→ WHAT IS BEING ASKED
Everything in the records below from the line containing "BALL Kakarotto 綿100％半袖Tシャツ（フロントプリント）" through the line containing "Mocassini beige con fibbia di Rousseau" is to be reproduced exactly, those two lines included; no picture is to be copied.

→ PROVIDED INFORMATION
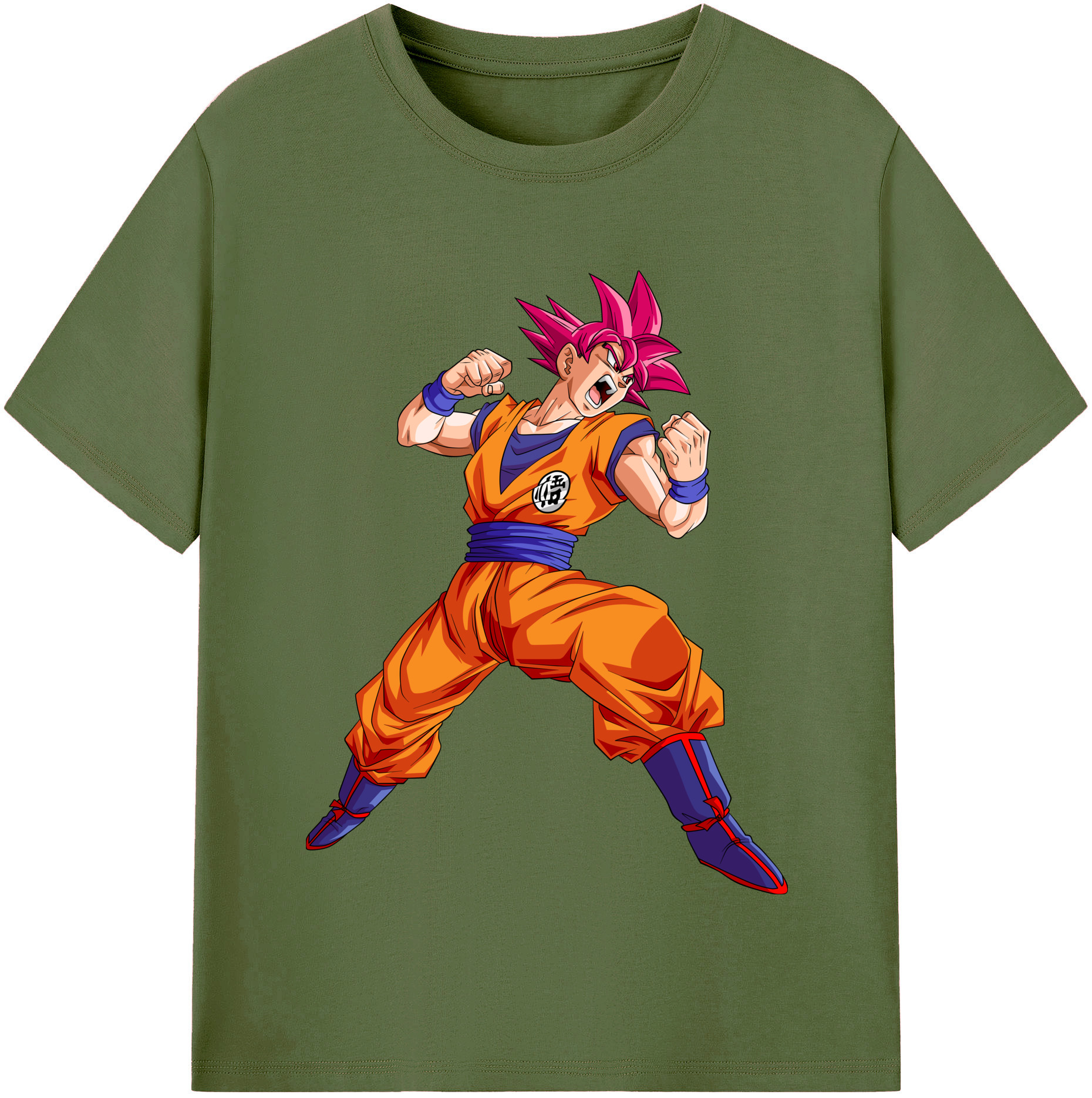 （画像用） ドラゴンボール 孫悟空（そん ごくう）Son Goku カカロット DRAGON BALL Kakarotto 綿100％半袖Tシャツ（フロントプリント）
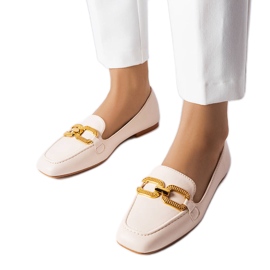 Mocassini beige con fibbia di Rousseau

--

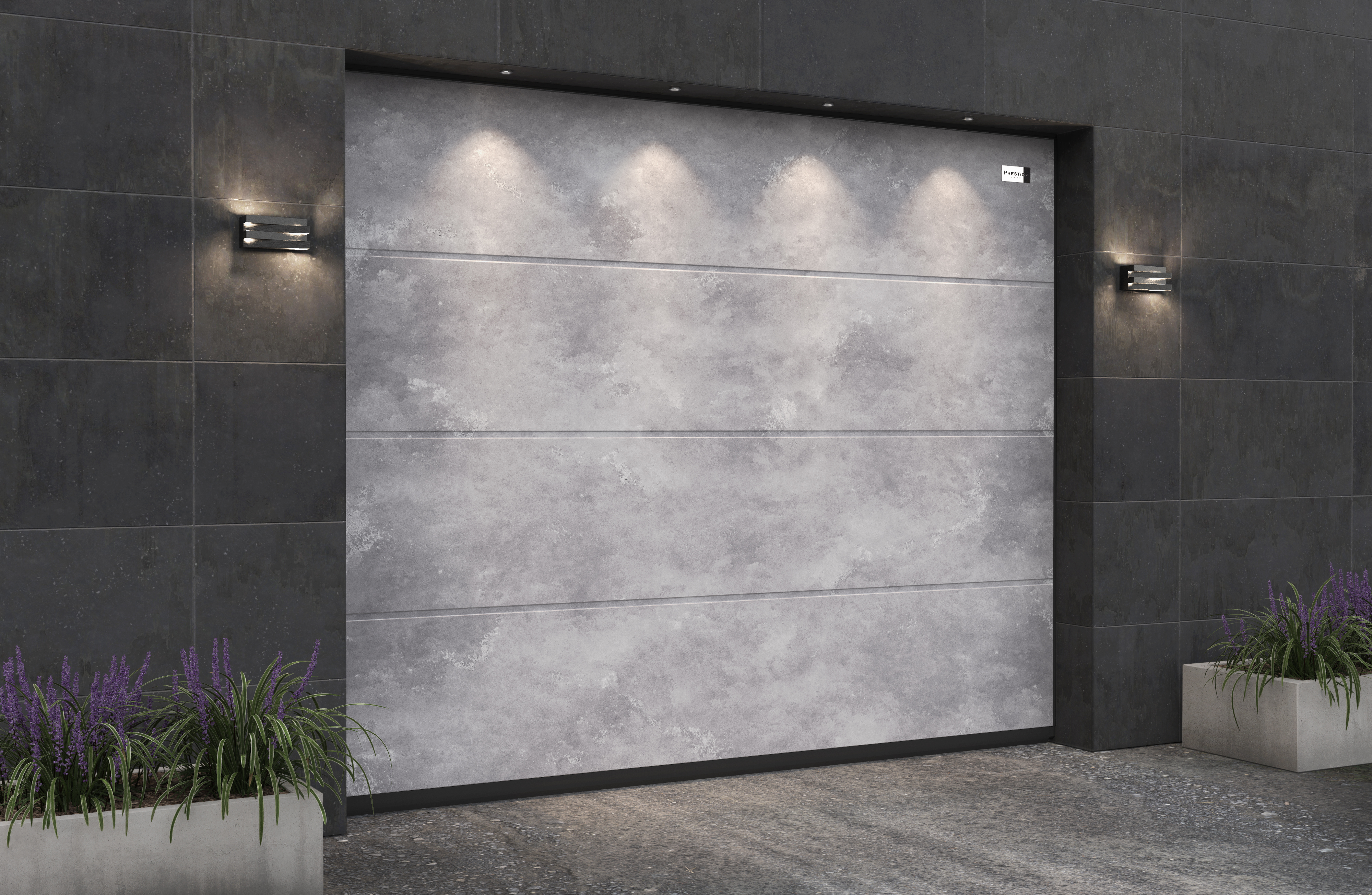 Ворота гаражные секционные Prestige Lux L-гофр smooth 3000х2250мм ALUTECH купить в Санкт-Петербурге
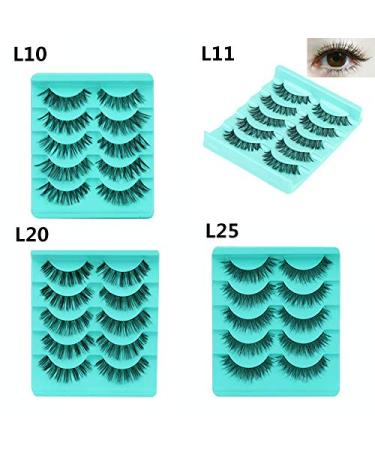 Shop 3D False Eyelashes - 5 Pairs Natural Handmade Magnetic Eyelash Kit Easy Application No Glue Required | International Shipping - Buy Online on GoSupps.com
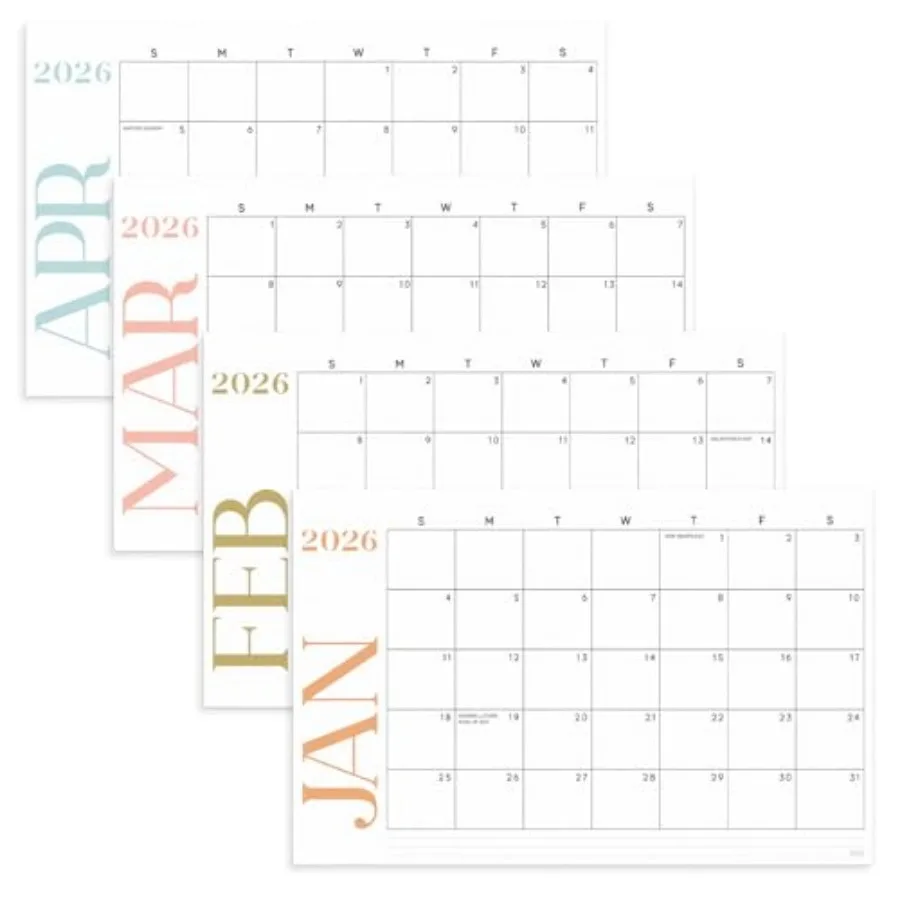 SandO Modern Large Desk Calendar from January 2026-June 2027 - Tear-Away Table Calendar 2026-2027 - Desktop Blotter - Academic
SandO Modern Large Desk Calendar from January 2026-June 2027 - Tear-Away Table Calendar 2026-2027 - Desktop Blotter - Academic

→ PROBLEM SOLUTION
 （画像用） ドラゴンボール 孫悟空（そん ごくう）Son Goku カカロット DRAGON BALL Kakarotto 綿100％半袖Tシャツ（フロントプリント）
 Mocassini beige con fibbia di Rousseau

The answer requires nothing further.